With SAX, you can easily discard data you
don't need, filtering it out so you don't need to pay
its costs.
Afterward we'll look briefly at some of the
concerns associated with working with data structures
that are more specialized to your application.
4.4.4. Turning SAX Events into Custom Data Structures
If your application data structure or interchange
syntax is already defined, you may not be able to unmarshal
it using software based on the numerous schema-oriented tools.
However, lots of software uses SAX to do this efficiently.
Once you understand how SAX models data in XML documents, you
can treat unmarshaling much like any other parsing problem.
It's closely associated with marshaling your data structures
to XML.
Here we'll look at some of the issues you may want to consider
when transforming XML into your data structures.
You may find that some individual data items, such as integers
and dates, use the low-level encoding rules that are specified in Part 2
of the W3C XML Schema specification (http://www.w3c.org/TR/xmlschema-2/).

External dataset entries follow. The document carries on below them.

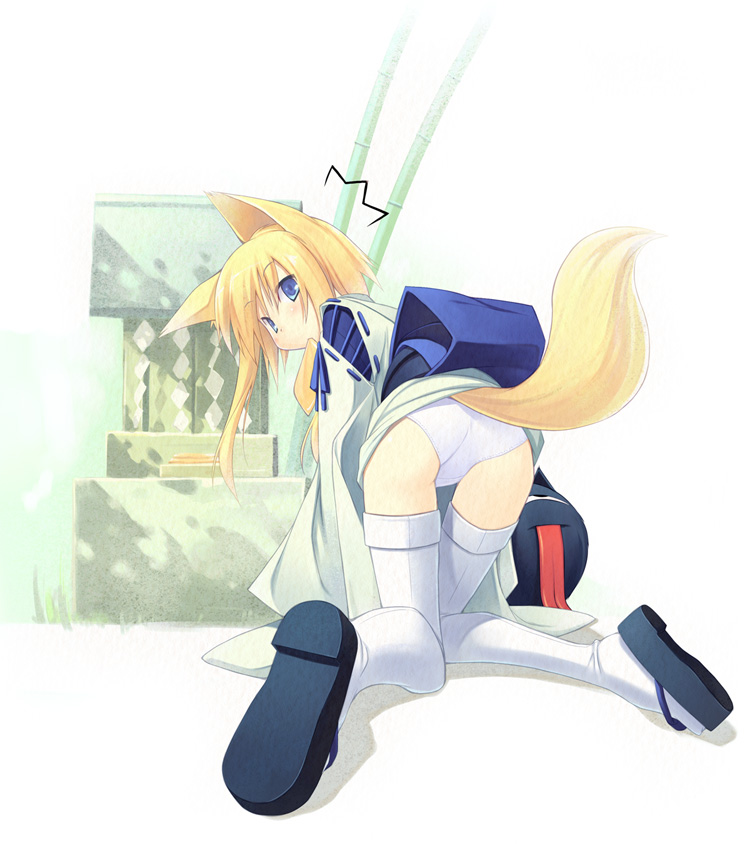 poco (asahi age), kitsune (poko), kuroino (poco), shiratama kitsune, original, 1girl, ^^^, all fours, animal ears, ass, bent over, blonde hair, blue eyes, female focus, fox ears, fox tail, panties, solo, tail, thighhighs, underwear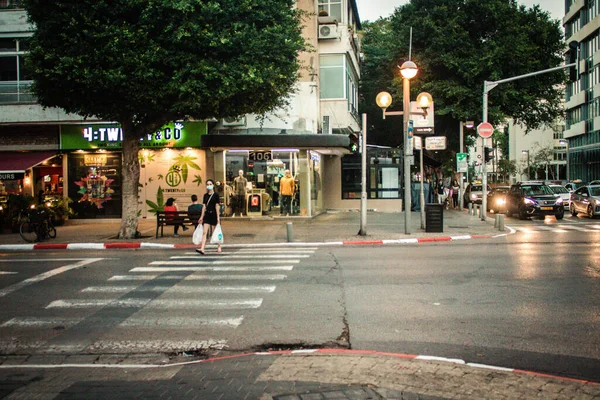 Tel Aviv Israel Novembro 2020 Vista Pessoas Israelenses Não Identificadas — Fotografia de Stock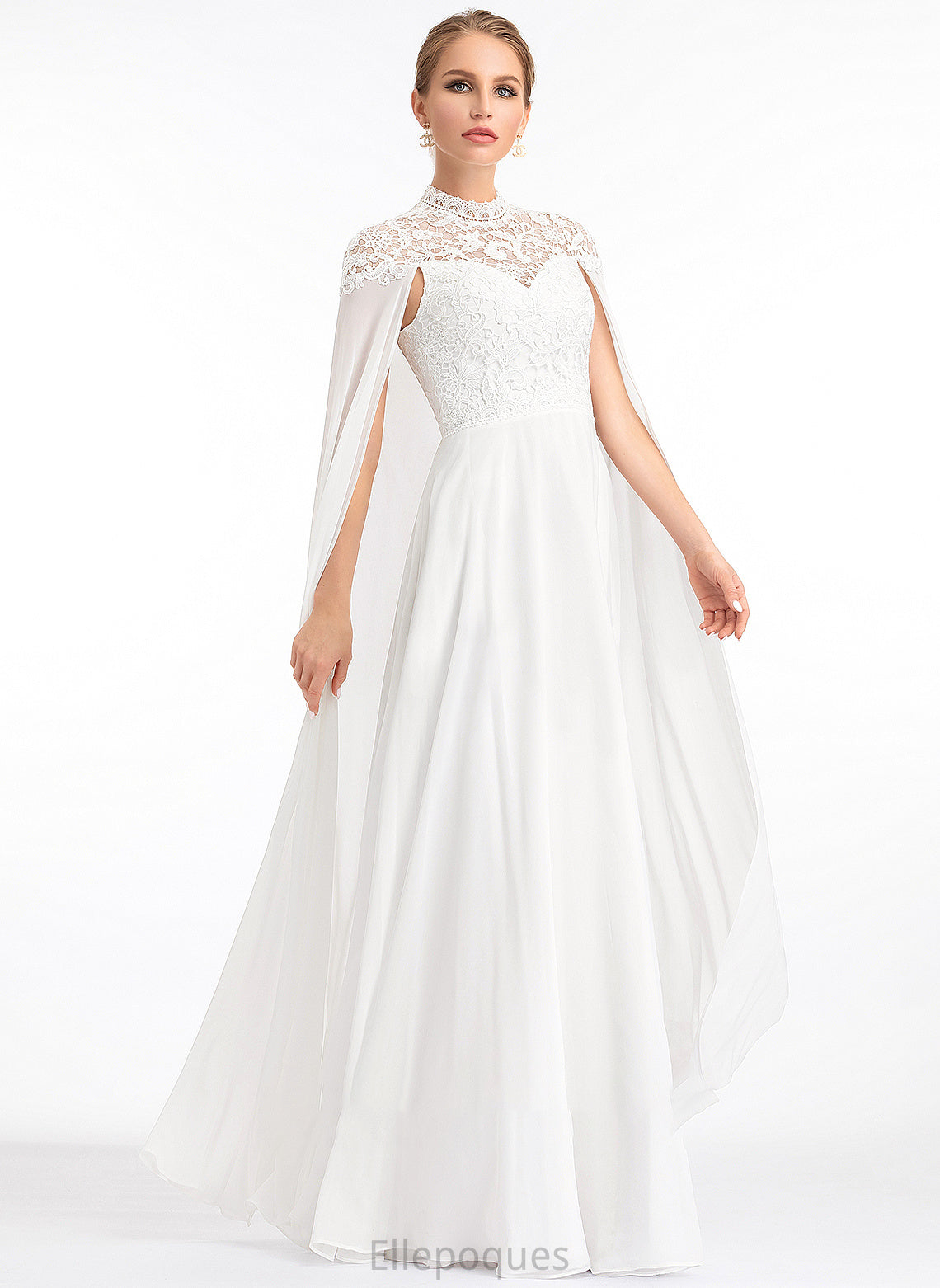 Yadira Wedding Dresses Neck High A-Line Dress Chiffon Floor-Length Wedding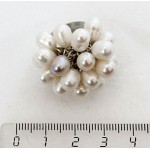 Кольцо с жемчугом белым "гроздь" безразмерное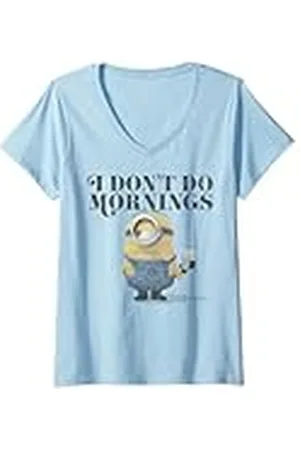 Minions Mujer Minions, no salgo por las mañanas Camiseta Cuello V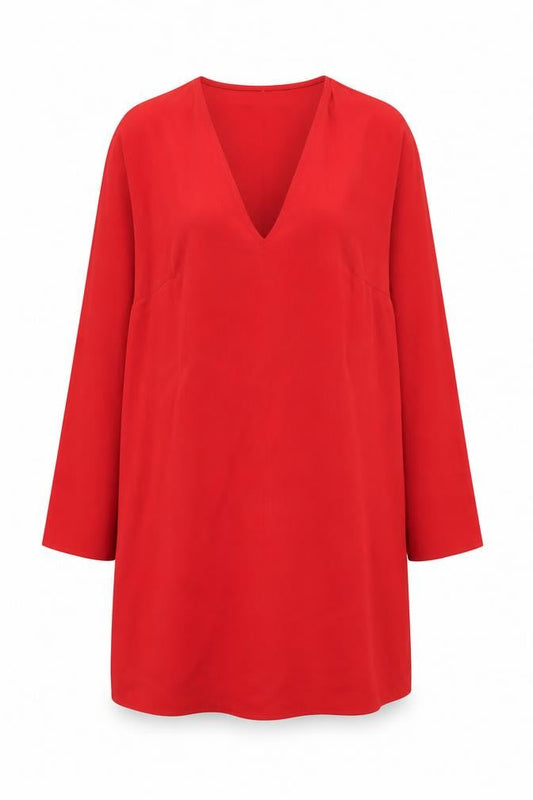 H&M Women Red Shift Dress Size 18 V-Neck Long Sleeve Woven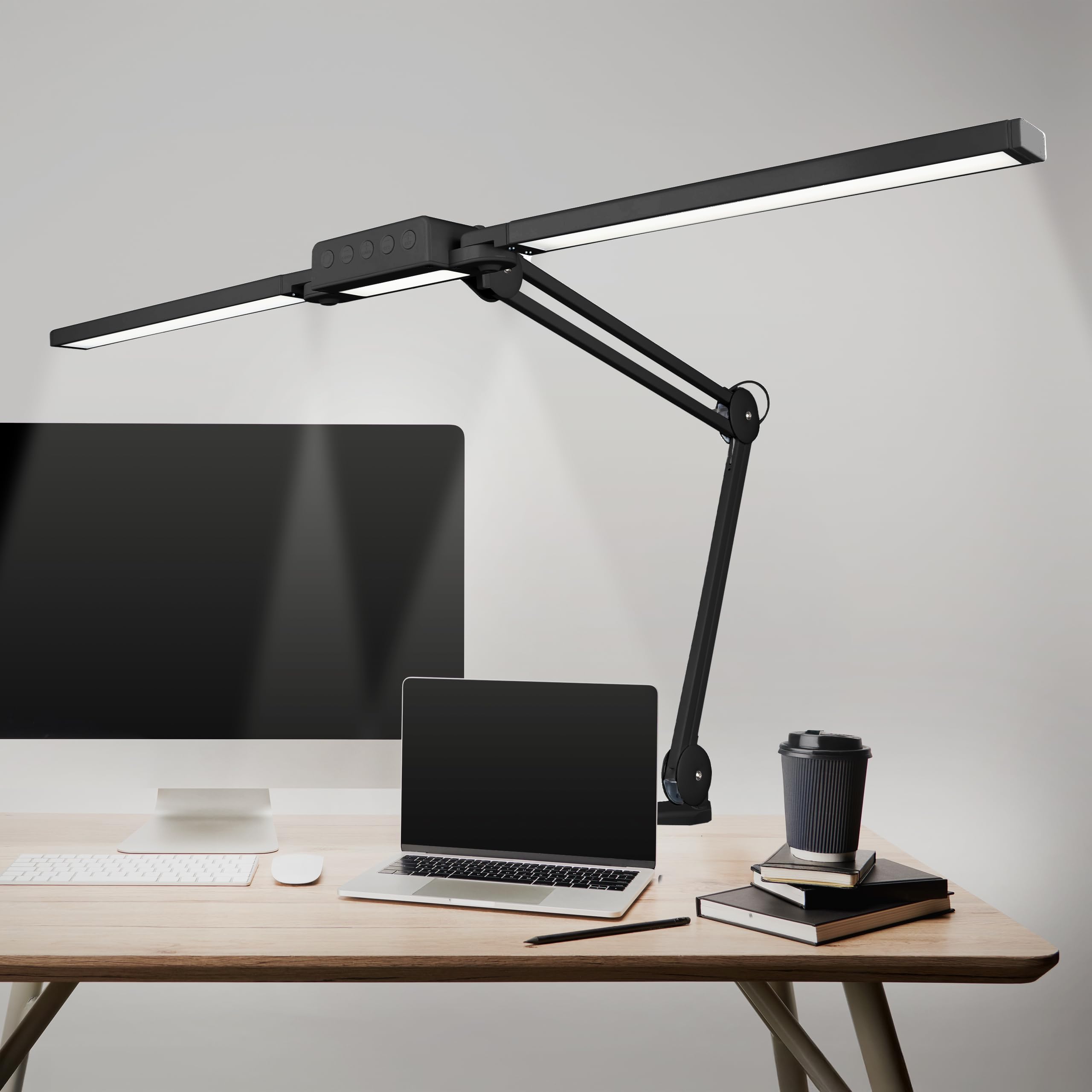 Neatfi LED Desk Lamp, Dimmable Desk Light with 360 SMD LEDs, 30W, CRI 95, Adjustable Color Temperature, Task Lamp for Home, Office, and Workbench (CCT, Black, 104CM)
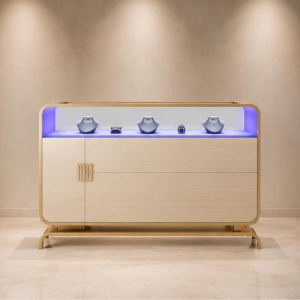 Wood Grain Jewelry Cabinet | Curved Base Side Light Glass Display Counter - Sunzen 2 Wood grain sliding door jewelry cabinet curved metal base side ambient light glass necklace showcase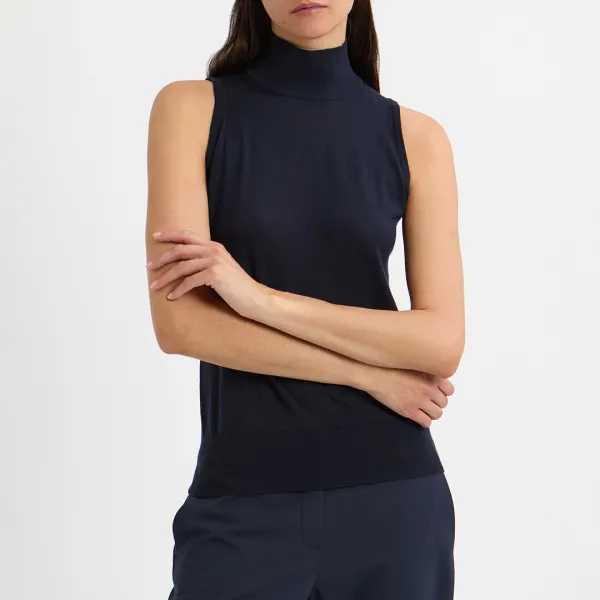 Navy Merino Fine Knit Sleeveless Top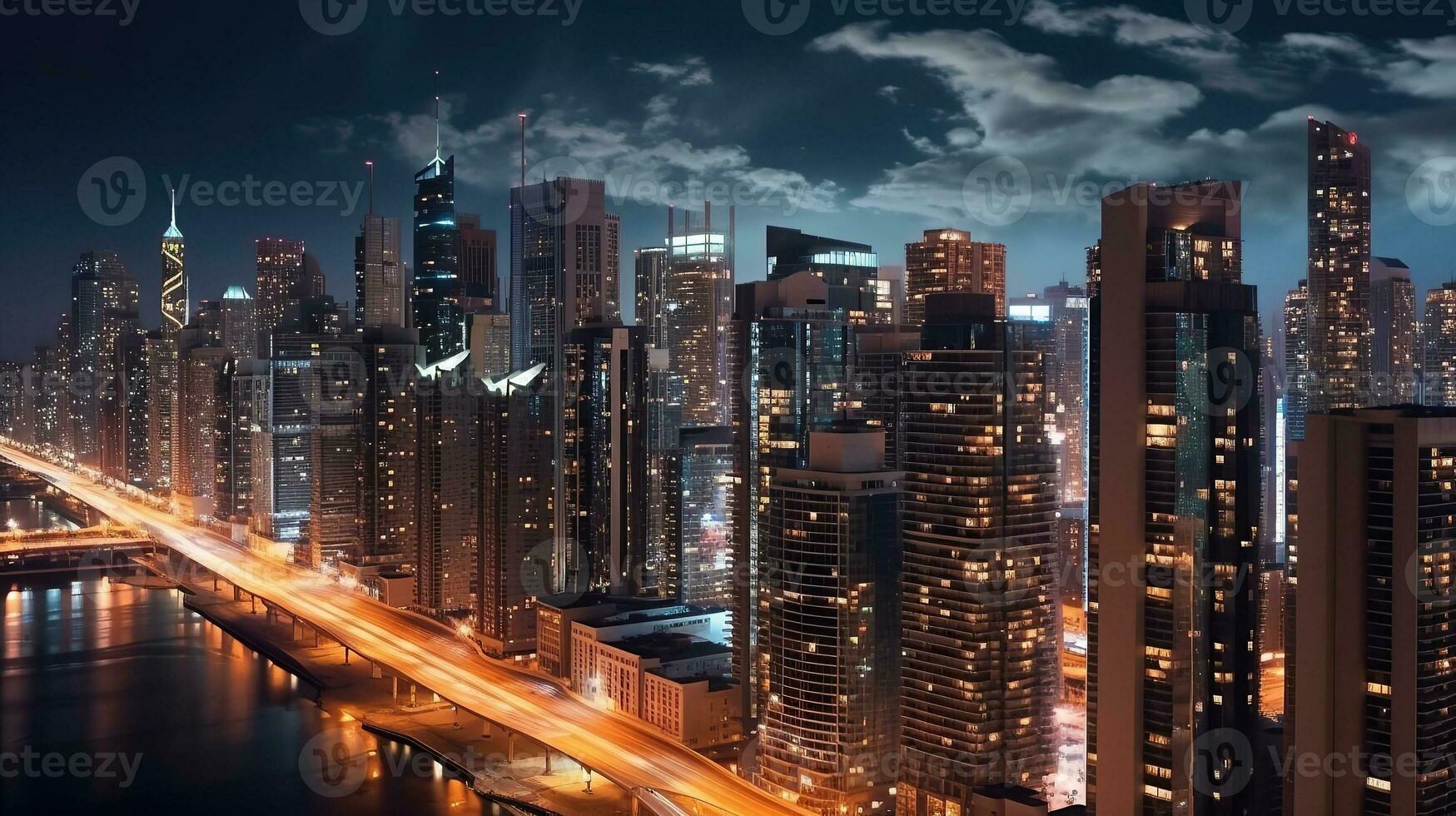 AI generated Generate a cityscape image capturing a city skyline at night photo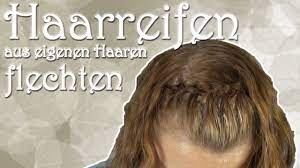 Flechten, das haar zum tiefen pferdeschwanz binden, einen hohen dutt machen: Haarreifen Aus Eigenen Haaren Flechten Haareflechten Youtube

Those encodings are low-level policy decisions, and they're
conceptually independent of the rest of the W3C Schema;
you can use them even if you don't buy the W3C approach to
those schemas. Some other schema systems, such as
Relax-NG, incorporate those low-level encoding policies
without adopting more problematic parts of the W3C XML Schema specification.
Your application might likewise want to use these policies.
One basic high-level encoding
issue is how closely the XML structures
and application structures should match. For example, an element
will be easier to unmarshal by mapping its attributes
(or child elements) directly to properties of a single
application object rather than by mapping them to properties
of several different objects.
The latter design is more complex, and
for many purposes it could be much more appropriate,
but such unmarshaling code needs more complex state.
Regularity of the various structures is another issue.
It's usually less work to handle regular structures,
since it's easy to create general methods and reuse them.
Bugs are less frequent and more easily found than when
every transformation involves yet another special case.
You'll need to figure out how much state you need
to track and what techniques you will use.
You might be able to use extremely simple parsing
state machines; one of these is shown later,
in Example 6-2.
Sometimes it might easier to unmarshal fragments into an
intermediate form (as in the DOM subtrees example earlier),
and map that form to your application structure before
discarding them.
Often some sort of recursive-descent parsing algorithm
that explicitly tracks the state of your parsing activities
will be useful.
It will often be helpful to keep a stack of pending elements
and attributes, as shown later
(in Example 5-1).
But since the XML structures might not map directly
to your application structures, you might also need to stack
objects you're in various stages of unmarshaling.
The worst scenario is when neither the XML text
nor the application data structures are very regular.
Software to work with that kind of system quickly gets
fragile as it grows, and you'll probably want to change
some of your application constraints.